Se ha escrito mucho sobre el modo en que el film se aparta del lenguaje clásico, pero quizá deba agregarse que esa ruptura no tiene ninguna importancia en sí misma sino sólo en función del tono del relato que la justifica. En los films de Favio el punto de partida nunca es la voluntad de ruptura, no hay ningún a priori teórico, ningún sistema programático para experimentar con la forma, ni se trata de producir un distanciamiento con el espectador mediante la evidencia de los artificios del lenguaje. Por el contrario, Favio se vale desprejuiciadamente de cualquier elemento o recurso formal que considere adecuado para involucrar emocionalmente al público en un efecto preciso que es siempre de orden narrativo. Cuando Favio decide hacer un plano general que abarca completo el bailongo “La Cienaguita”, no lo hace para evidenciar virtuosismo técnico sino para mostrar al Aniceto en relación con los otros parroquianos y la expectativa amorosa que lo hace quedarse de pie, sosteniendo durante todo el plano la mirada de Lucía que está sentada en diagonal, al otro lado de la pista de baile. Si luego corta a un primer plano del rostro del Aniceto, evitando el plano medio, no es para hacerse el moderno sino porque ese rostro expectante es la continuación narrativa emocionalmente lógica de aquél cuerpo visto en el plano general. En ese contexto, un plano medio reflejaría un compromiso emocional menor, cuando lo que se quiere comunicar es que el Aniceto está dominado por un metejón infernal.

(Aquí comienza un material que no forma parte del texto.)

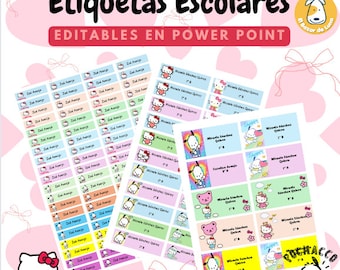 Etiquetas escolares Kawaii Cute Cat Editable en Formato PPT imprimible Vuelta a clases  school escolares Classroom Papeleria Creativa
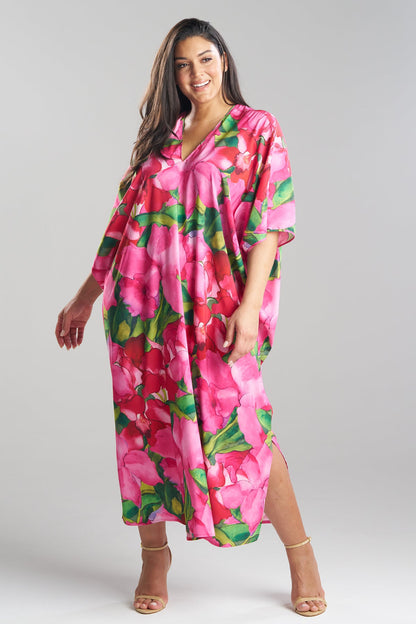 Isla Printed Satin V-Neck Caftan Pink Natori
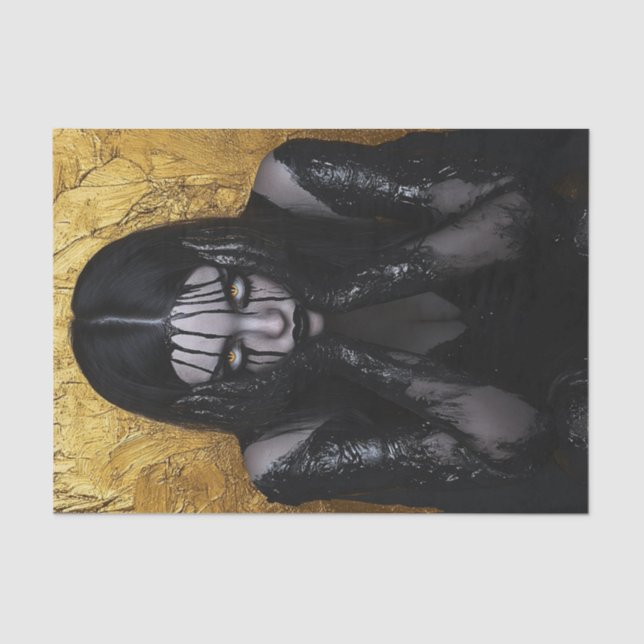 Papel De Seda Belleza dorada y negra17 (Anverso)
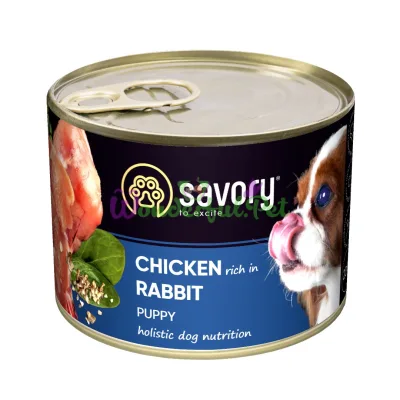 Влажный корм Savory Dog All breeds Puppy с кроликом k 200 г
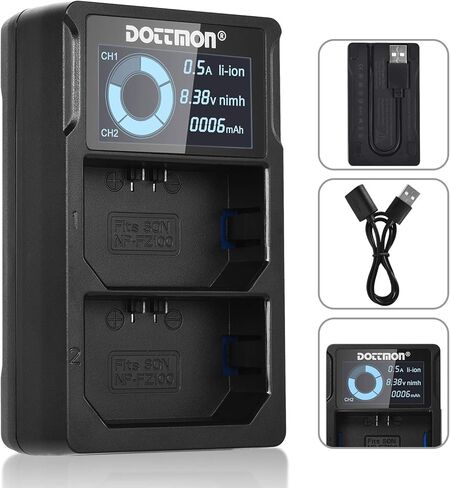 شاحن USB مزدوج DOTTMON لبطارية Sony NP-FZ100، متوافق مع كاميرا Sony Alpha A7III، A7RIII، A9، A7R3، A6600، A7RIV، A7C، A9II، A1، ILME-FX3 مع شاشة LCD in Kuwait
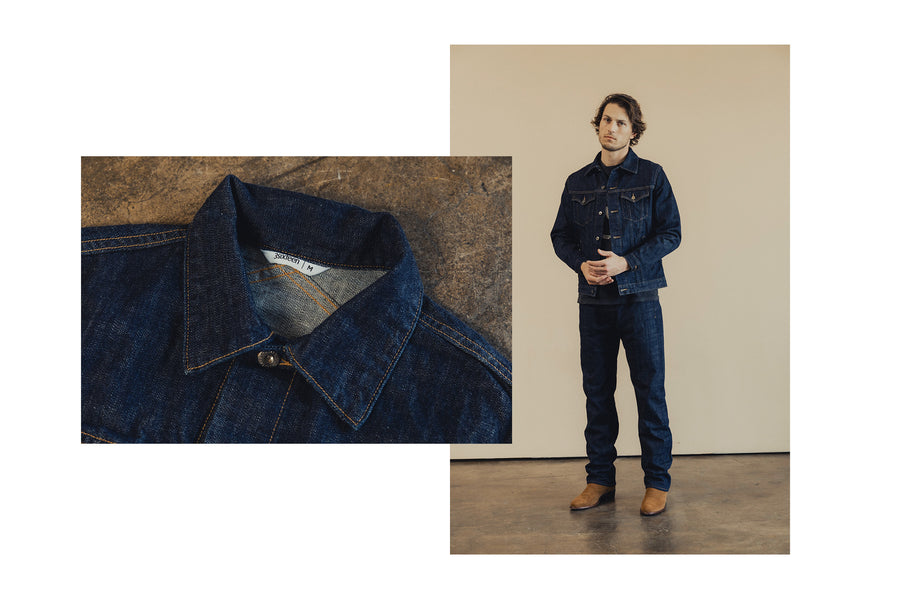 A diptych of a jacket collar and a man wearing the same navy denim jacket.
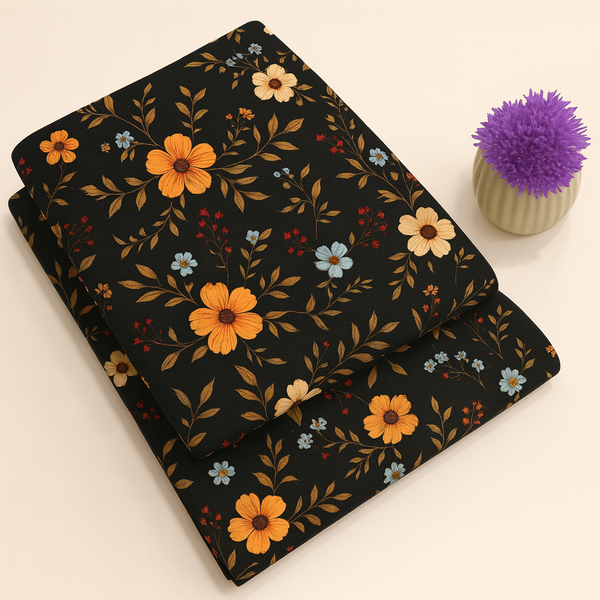 Black Golden Autumn Charm Print 2-Piece Unstitched Suit (D-355)
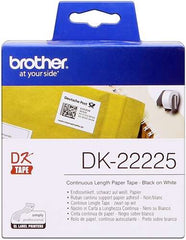 Brother DK22225 - Etiquetas originais de tamanho personalizado - Largura 38 mm x 30,48 metros - Texto preto sobre fundo branco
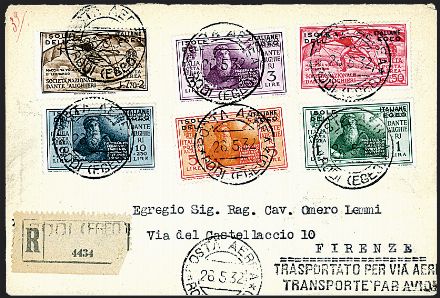 COLONIE ITALIANE - EGEO - Posta aerea  (1932)  - Catalogo Cataloghi su offerta - Studio Filatelico Toselli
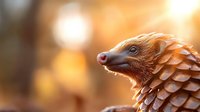 Pangolin in profile with golden sunlight creating warm bokeh background, showcasing its distinctive scaled armor and curious expression.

En tanto poeta, es evidente que para Favio ese metejón, aunque se trate de un estado espiritual de su protagonista, importa tanto o más que cualquiera de sus peripecias exteriores y por lo tanto debe narrárselo con igual o mayor intensidad. Las acciones no son tan importantes en este film como sus consecuencias anímicas. Al comienzo, el Aniceto es herido en una pelea, va a la cárcel y algo después es indultado, pero esos hechos son secundarios en relación al dolor de la Francisca, al vínculo amoroso que los mantiene unidos aunque estén separados y a la expectativa de la libertad que finalmente deviene reencuentro. Todo se sucede vertiginosamente: la pelea está sintetizada en un principio de discusión que no se oye, una puñalada y el rostro sufriente del Aniceto; la cárcel es un largo muro; el reencuentro es una toma en picado desde cierta altura que los ve abrazarse. En off los protagonistas leen breves fragmentos de presuntas cartas que proporcionan la información indispensable. La interioridad aparece ratificada en un uso ejemplar de la elipsis narrativa, que vuelve impreciso el transcurrir del tiempo, expresa ciertas situaciones por contraste (como las respectivas soledades de la Francisca y el Aniceto una vez que éste inicia su relación con Lucía) y es el único recurso formal que Favio utiliza a lo largo de todo el film.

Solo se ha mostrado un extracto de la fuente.